At 95 minutes, this is a fairly brisk and economical adaptation. While it covers all the major plot points and much of the character development from Lewis's book, it leaves out some of the more minor details, such as how the children enter Narnia almost by accident while hiding in the wardrobe from Mrs. Macready, or how a robin leads the children to Mr. Beaver; instead, Mr. Beaver leads the children away from Mr. Tumnus's ransacked home himself.

This version also makes one interesting deviation from the structure of Lewis's novel, at the very beginning. It skips over the children's arrival at the Professor's house entirely, starting instead with Lucy emerging from the wardrobe and telling her three older siblings that she has been to Narnia. When they don't believe her, Lucy retreats to her room and reminisces about her first meeting with the faun Mr. Tumnus, which is then shown in flashback.

The 1979 version on VHS

The most conspicuous omission from this film is the scene of Father Christmas giving the Pevensie children their gifts. While we hear about Father Christmas and the gifts he gives to others, we never see him, himself; instead, it is Aslan who gives the children their gifts.

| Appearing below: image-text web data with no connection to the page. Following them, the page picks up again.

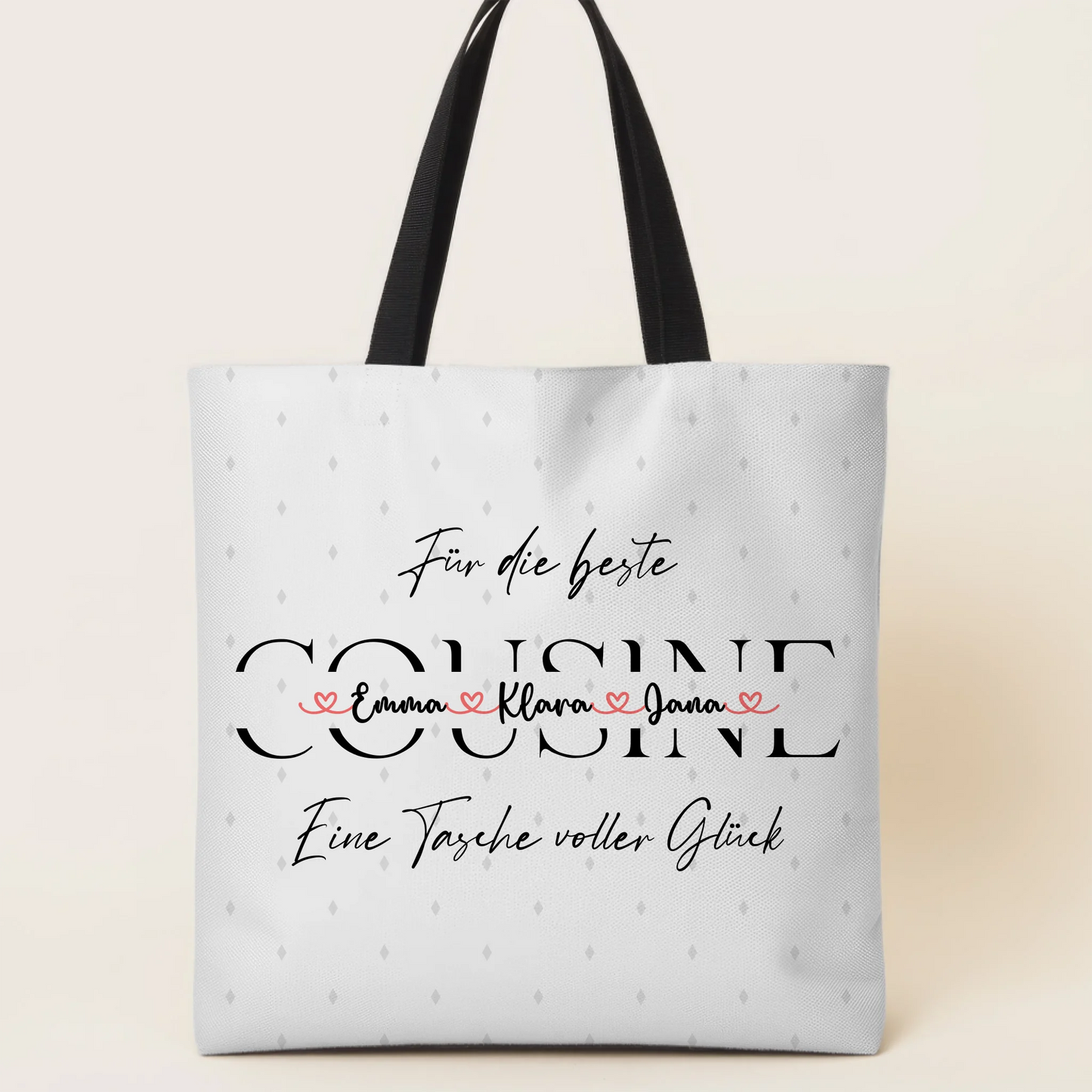Tasche Mit Namen Personalisiert Cousine Pinky Pastell - Namen Hintergrundbild & Wunschtext 1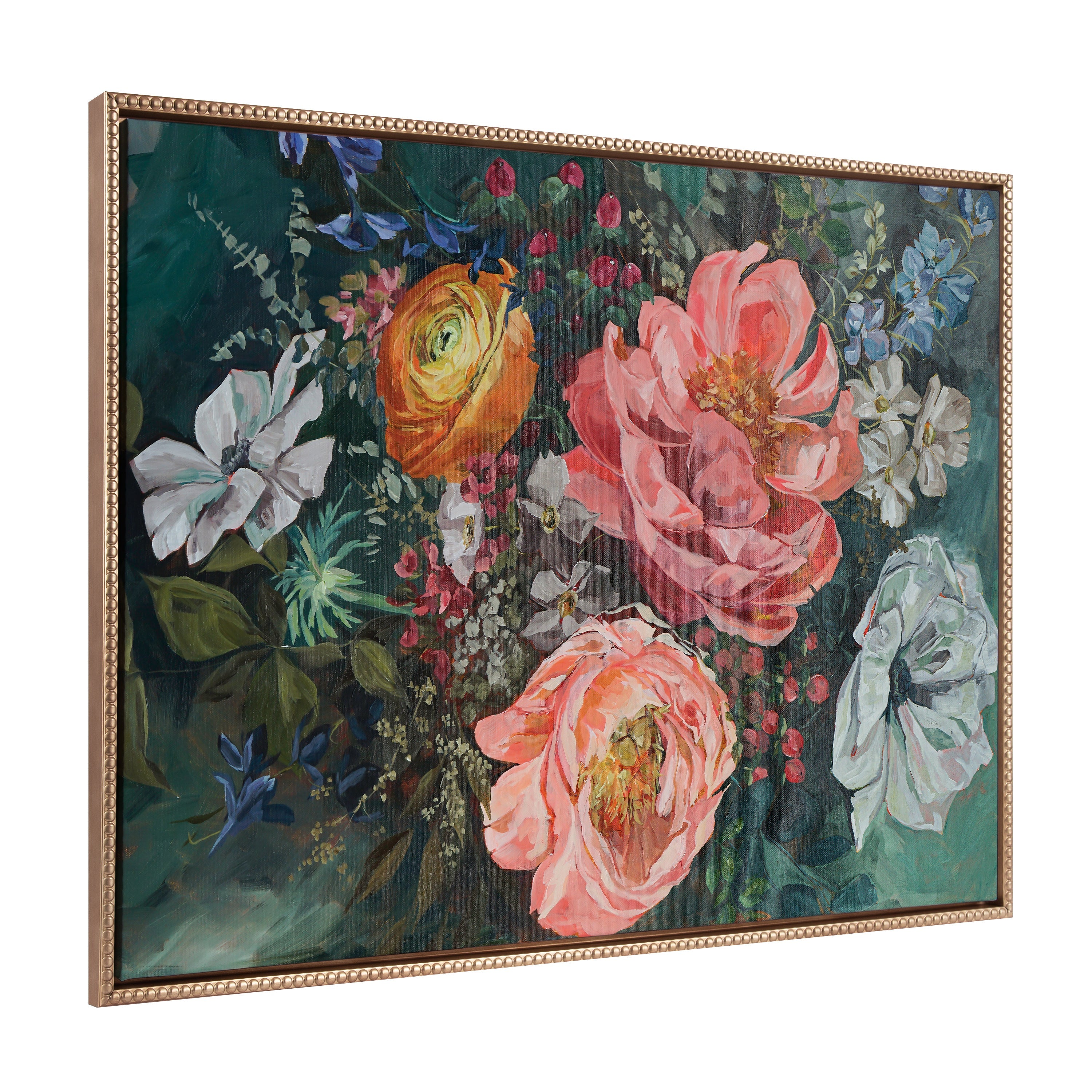 Sylvie Beaded AQ Peony Bouquet Framed Canvas by Annie Quigley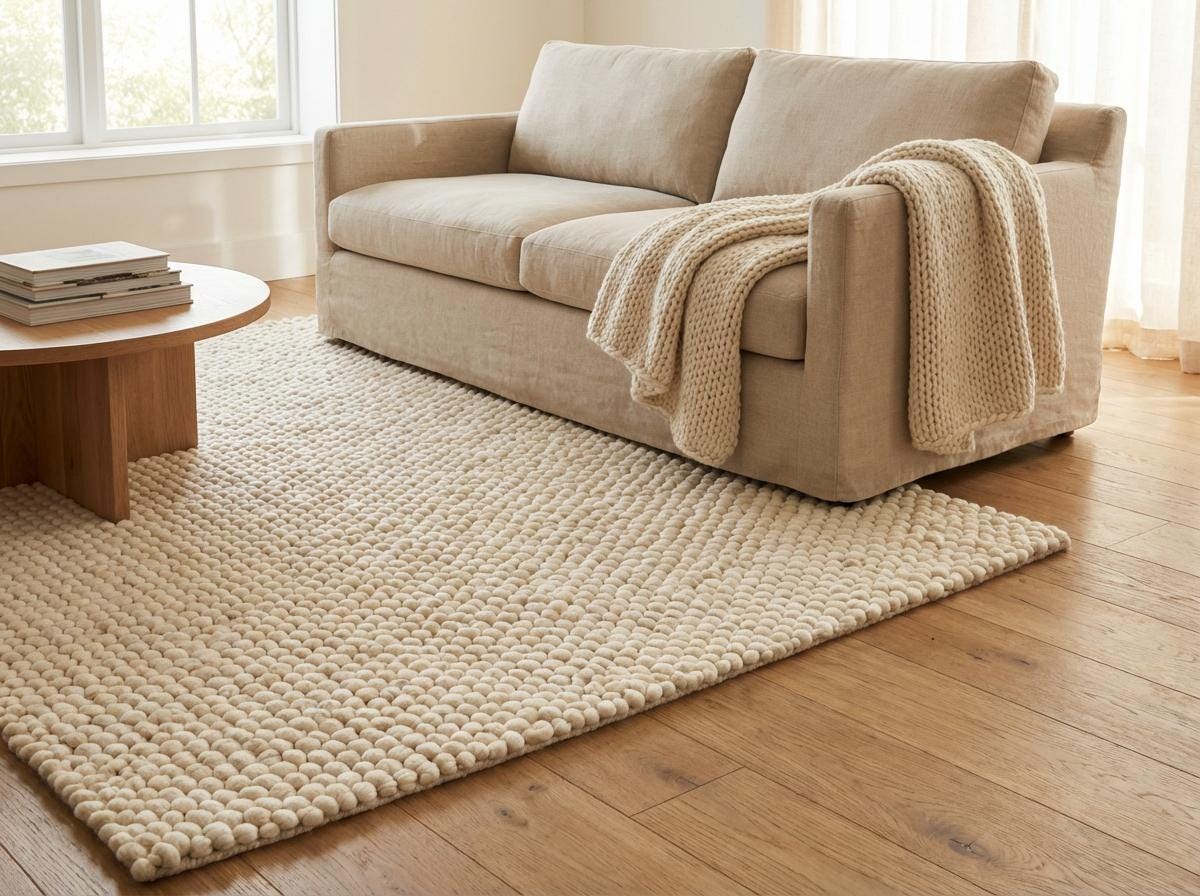 Chunky wool ivory area rug with thick, textured oversized loops and plush Scandinavian design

Some of the performances tend to be over-the-top; and the characters occasionally look at the camera when someone says something particularly unusual or scary, or they make subtle asides to it, as though they were participating in a panto or some similar form of children's theatre in which the characters address the audience directly.

When Edmund meets the White Witch, she yells her lines at the very moment when she is supposed to be enchanting him. And the wolf who leads the Witch's secret police growls ostentatiously before, after, and during most of his lines. At least Aslan's booming baritone conveys his power and authority, as well as his warmth and even humor.

The animation is somewhat crude, even by the standards of a quarter-century ago, and it occasionally falls back on questionable devices; for example, when the White Witch turns her enemies to stone, her wand seems to shoot laser beams at her victims (a consequence, perhaps, of the fact that Star Wars came out only two years earlier?).

However, some of the gimmicks are kind of fun—like the portrait in Mr. Tumnus's house which comes to life for just one second, to blow a note on the faun's flute. And when the grown-up Kings and Queens of Narnia pursue the White Stag, that sequence surges with life thanks in no small part to the Emmy-winning score by Michael J. Lewis.